O cenário de tensão nas negociações levanta a possibilidade real de uma greve por tempo indeterminado, com data marcada para o início em 1º de julho, caso um acordo satisfatório não seja alcançado. A paralisação pode impactar significativamente o atendimento à população, afetando hospitais, postos de saúde e outras unidades de serviço público.

Os sindicatos afirmam que as conversas com os representantes dos municípios têm se arrastado sem avanços concretos. A expectativa é que o poder público apresente uma proposta que contemple as demandas dos trabalhadores, evitando assim a necessidade de uma paralisação que prejudicaria tanto os servidores quanto os cidadãos que dependem dos serviços de saúde.
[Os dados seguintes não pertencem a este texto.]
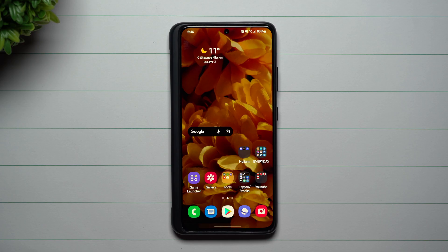Hey everybody, welcome back to Samsung in a Minute, the channel that trains you on your Samsung Galaxy devices in around two minutes. Today we're going to talk about a split screen trick that you may not have known was there, or maybe you knew it was a part of your phone at some point but didn't know exactly where you could use it.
A mobilização dos trabalhadores abrange servidores de um conjunto de cidades da região Sul catarinense, que compartilham as mesmas preocupações em relação às condições de trabalho e remuneração. A categoria demonstra união e determinação em buscar uma solução que garanta dignidade e justiça salarial, enquanto aguarda um posicionamento definitivo dos gestores municipais.